Search code examples
rdata-analysistext-processingtm

How to remove the empty documents from the Document Term Matrix in R


I have got empty documents in my document term matrix. I need to remove them. This is code that I used to build the DocumentTermMatrix:

 tweets_dtm_tfidf <- DocumentTermMatrix(tweet_corpus, control = list(weighting = weightTfIdf))

And this the warning Message that I am getting:

Warning message:
In weighting(x) :
  empty document(s): 823 3795 4265 7252 7295 7425 8240 8433 9303 12160 12278 14465 15166 15485 15933 20775 21666 21807 26131 27039 34035 34050 34101

I tried removing these empty documents using this code:

rowTotals <- apply(tweets_dtm_tfidf , 1, sum)
dtm_tfidf   <- tweets_dtm_tfidf[rowTotals> 0, ]

Here is the error that I am getting trying to remove them:

> rowTotals <- apply(tweets_dtm_tfidf , 1, sum)

Error: cannot allocate vector of size 6.8 Gb

Any idea on how to go about this? Thanks for any suggestions in advance.


Solution

  • The sum in apply transforms your sparse matrix into a dense matrix and this eats up a lot of memory if it is a big sparse matrix.

    And the apply function is not needed. There are functions for sparse matrices. Since the dtm is a simple_triplet_matrix you can use the row_sums from slam.
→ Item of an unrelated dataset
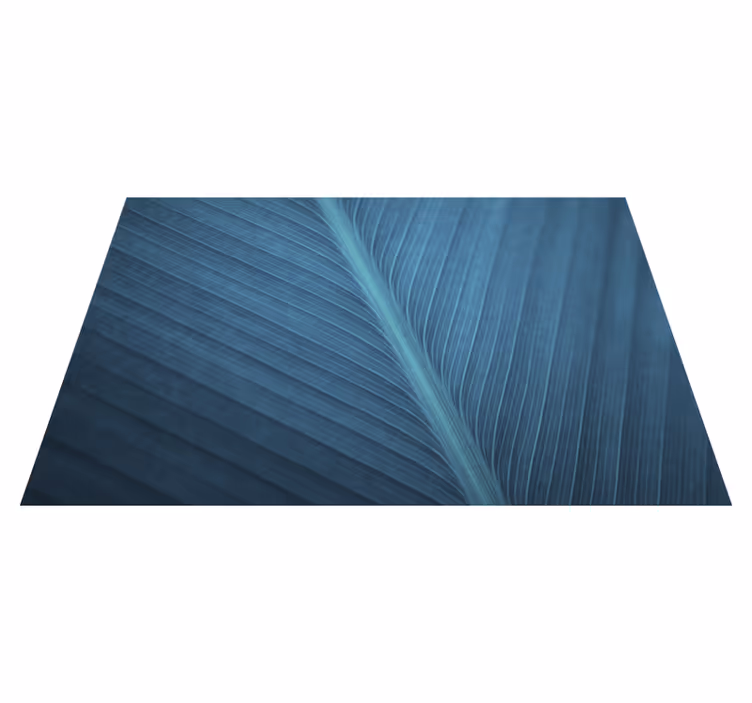 Tovaglietta americana moderna Grande foglia grigio blu - TenStickers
    The following should work.

    rowTotals <- slam::row_sums(tweets_dtm_tfidf)
    dtm_tfidf <- dtm_tfidf[rowTotals > 0, ]
    

    But remember anything you do to get your data out of sparse matrix might result in big memory hog object if you have a lot of words. You might want to use removeSparseTerms before moving on.